Problem
The word "want" occurs in some of the lines below; copy each of those lines.

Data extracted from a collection
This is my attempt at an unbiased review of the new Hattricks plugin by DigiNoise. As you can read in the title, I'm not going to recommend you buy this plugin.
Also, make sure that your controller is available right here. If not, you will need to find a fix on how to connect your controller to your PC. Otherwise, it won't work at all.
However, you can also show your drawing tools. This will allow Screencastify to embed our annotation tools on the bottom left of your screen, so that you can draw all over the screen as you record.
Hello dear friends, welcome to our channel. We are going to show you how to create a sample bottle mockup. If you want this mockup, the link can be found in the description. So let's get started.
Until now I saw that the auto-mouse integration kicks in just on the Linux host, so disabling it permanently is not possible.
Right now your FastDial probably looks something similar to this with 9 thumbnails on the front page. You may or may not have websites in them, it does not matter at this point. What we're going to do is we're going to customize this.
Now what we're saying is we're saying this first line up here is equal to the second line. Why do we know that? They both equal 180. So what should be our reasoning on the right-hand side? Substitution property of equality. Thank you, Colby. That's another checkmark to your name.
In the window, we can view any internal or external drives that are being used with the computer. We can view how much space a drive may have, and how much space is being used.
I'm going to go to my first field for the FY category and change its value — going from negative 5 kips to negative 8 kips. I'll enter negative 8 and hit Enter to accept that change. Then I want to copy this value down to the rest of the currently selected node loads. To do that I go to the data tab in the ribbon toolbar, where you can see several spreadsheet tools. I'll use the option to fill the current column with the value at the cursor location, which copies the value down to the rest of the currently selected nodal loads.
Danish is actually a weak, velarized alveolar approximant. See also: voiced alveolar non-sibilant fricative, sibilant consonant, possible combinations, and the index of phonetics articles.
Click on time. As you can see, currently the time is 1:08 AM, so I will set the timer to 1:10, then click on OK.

---

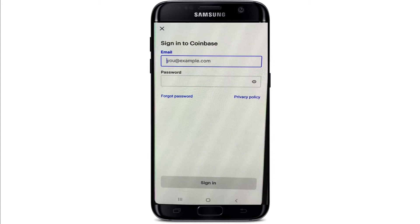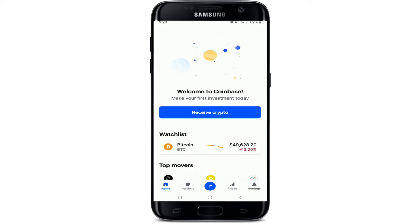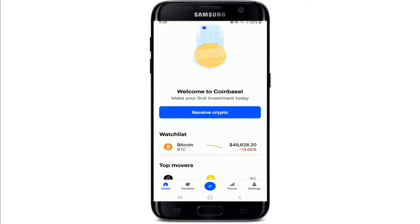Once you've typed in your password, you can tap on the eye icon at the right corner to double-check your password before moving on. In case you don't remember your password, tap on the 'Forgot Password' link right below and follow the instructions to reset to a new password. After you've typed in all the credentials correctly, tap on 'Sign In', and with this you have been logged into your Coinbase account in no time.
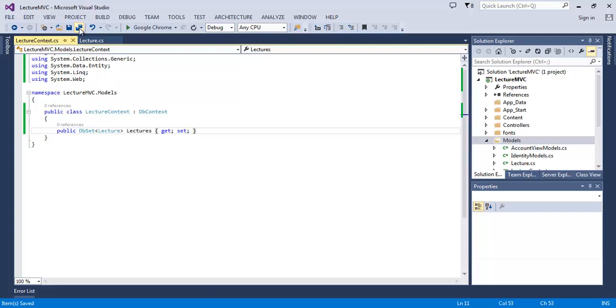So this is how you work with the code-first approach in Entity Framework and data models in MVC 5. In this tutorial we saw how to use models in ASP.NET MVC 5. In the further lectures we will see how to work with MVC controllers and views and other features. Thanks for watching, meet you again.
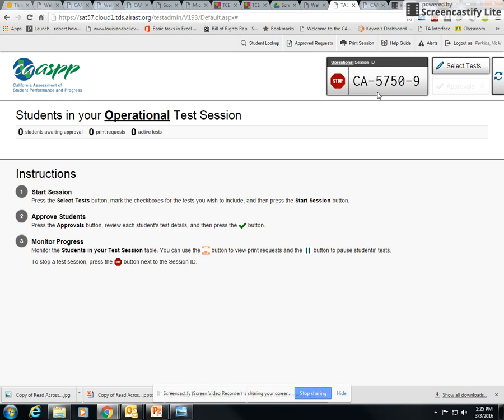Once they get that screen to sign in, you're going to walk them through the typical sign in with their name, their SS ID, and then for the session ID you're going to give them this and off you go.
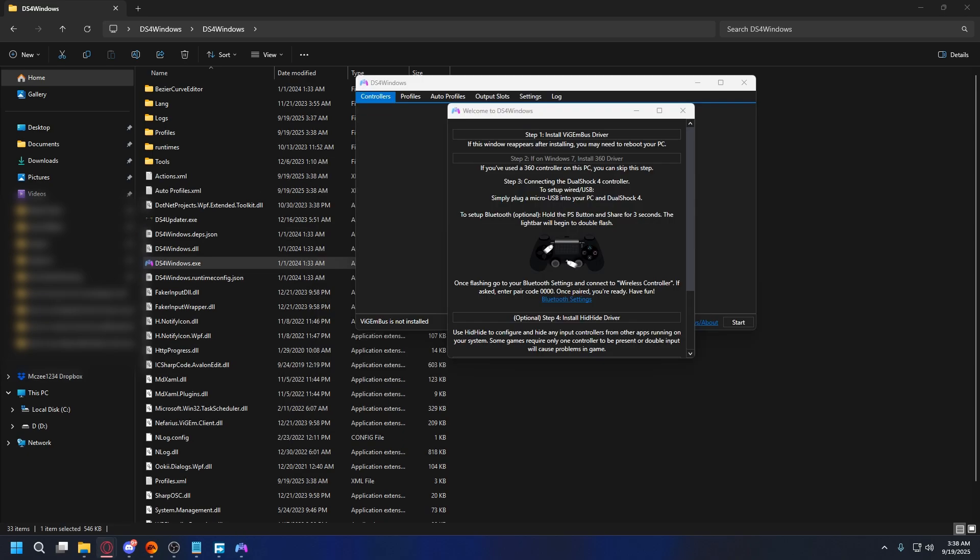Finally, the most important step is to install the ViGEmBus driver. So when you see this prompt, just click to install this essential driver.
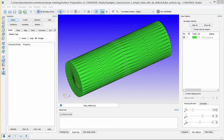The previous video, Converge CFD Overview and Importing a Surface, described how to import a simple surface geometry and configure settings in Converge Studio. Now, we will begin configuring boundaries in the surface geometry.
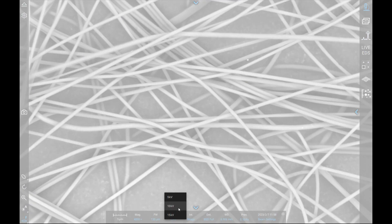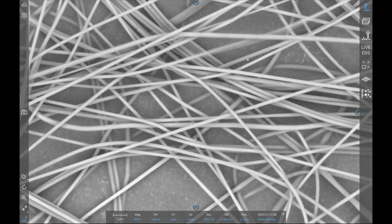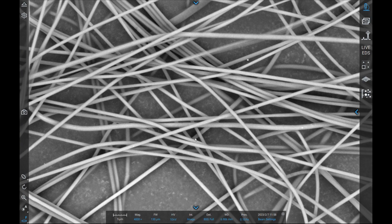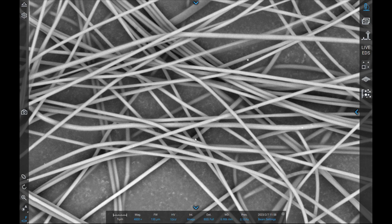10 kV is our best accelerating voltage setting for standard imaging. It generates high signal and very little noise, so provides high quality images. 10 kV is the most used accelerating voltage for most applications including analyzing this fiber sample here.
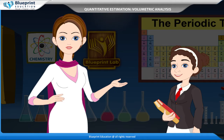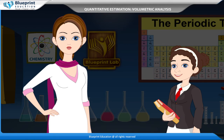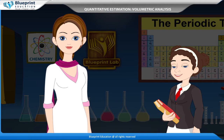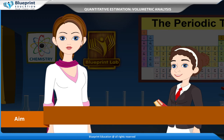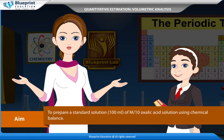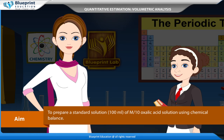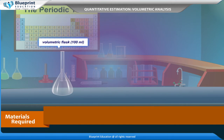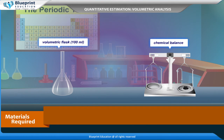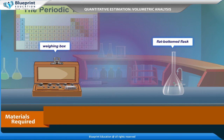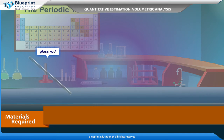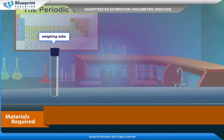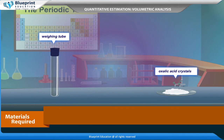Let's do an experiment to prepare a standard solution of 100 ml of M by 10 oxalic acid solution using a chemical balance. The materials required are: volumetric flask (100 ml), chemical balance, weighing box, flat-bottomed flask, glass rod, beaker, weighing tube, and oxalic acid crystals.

Result of this task
Hello dear friends, welcome to our channel. We are going to show you how to create a sample bottle mockup. If you want this mockup, the link can be found in the description. So let's get started.
I'm going to go to my first field for the FY category and change its value — going from negative 5 kips to negative 8 kips. I'll enter negative 8 and hit Enter to accept that change. Then I want to copy this value down to the rest of the currently selected node loads. To do that I go to the data tab in the ribbon toolbar, where you can see several spreadsheet tools. I'll use the option to fill the current column with the value at the cursor location, which copies the value down to the rest of the currently selected nodal loads.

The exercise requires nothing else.